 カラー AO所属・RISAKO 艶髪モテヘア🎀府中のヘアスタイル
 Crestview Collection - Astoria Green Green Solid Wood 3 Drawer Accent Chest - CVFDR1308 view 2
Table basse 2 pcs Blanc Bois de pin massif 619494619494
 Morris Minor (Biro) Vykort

---

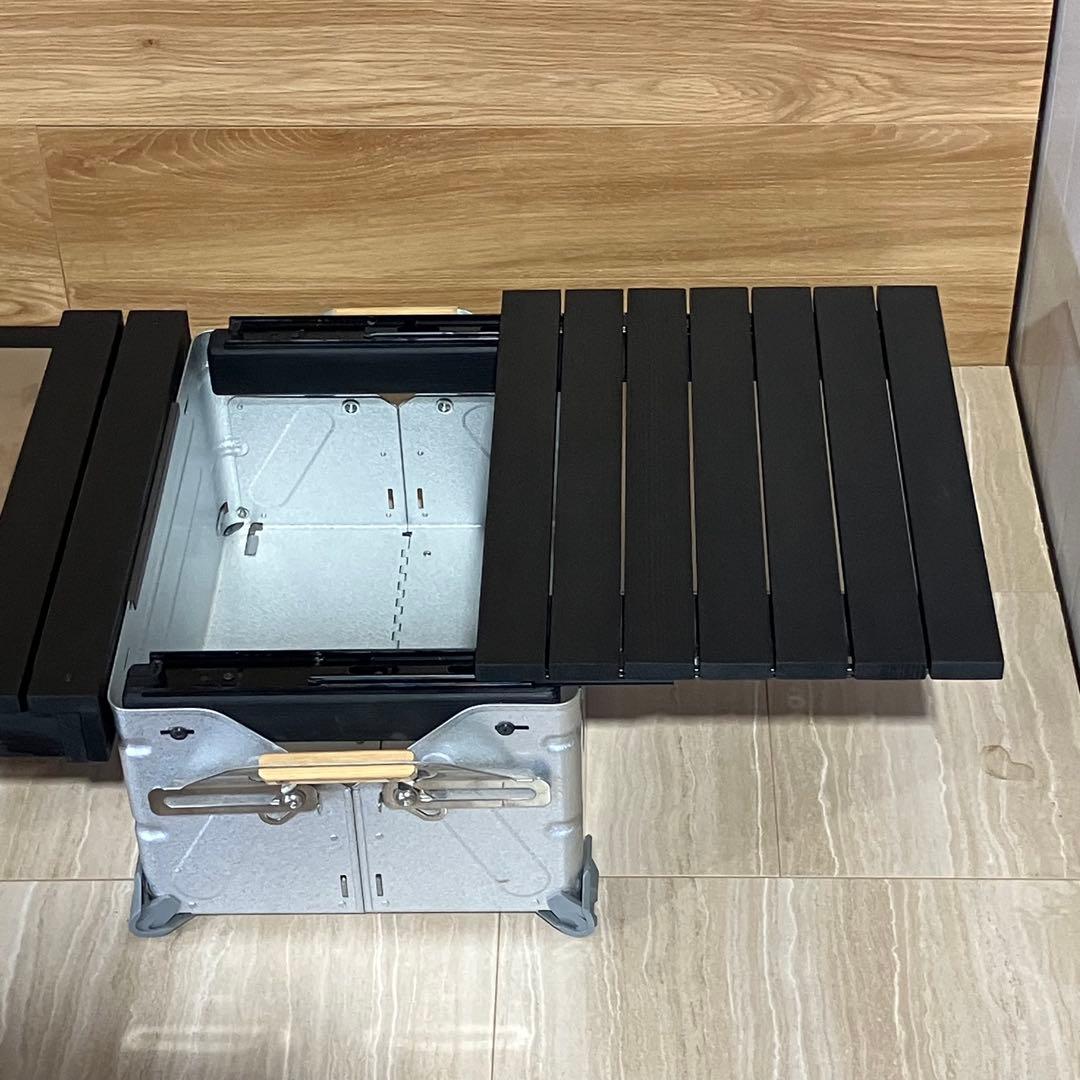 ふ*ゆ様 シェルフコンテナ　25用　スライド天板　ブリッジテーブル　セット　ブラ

_INSTRUCTIONS FOR THE TASK:_
Among the records above, a stretch begins at the line containing "カラー AO所属・RISAKO 艶髪モテヘア🎀府中のヘアスタイル" and ends at the line containing "Morris Minor (Biro) Vykort". Restate that stretch word for word, and nothing else.

_THE ANSWER:_
 カラー AO所属・RISAKO 艶髪モテヘア🎀府中のヘアスタイル
 Crestview Collection - Astoria Green Green Solid Wood 3 Drawer Accent Chest - CVFDR1308 view 2
Table basse 2 pcs Blanc Bois de pin massif 619494619494
 Morris Minor (Biro) Vykort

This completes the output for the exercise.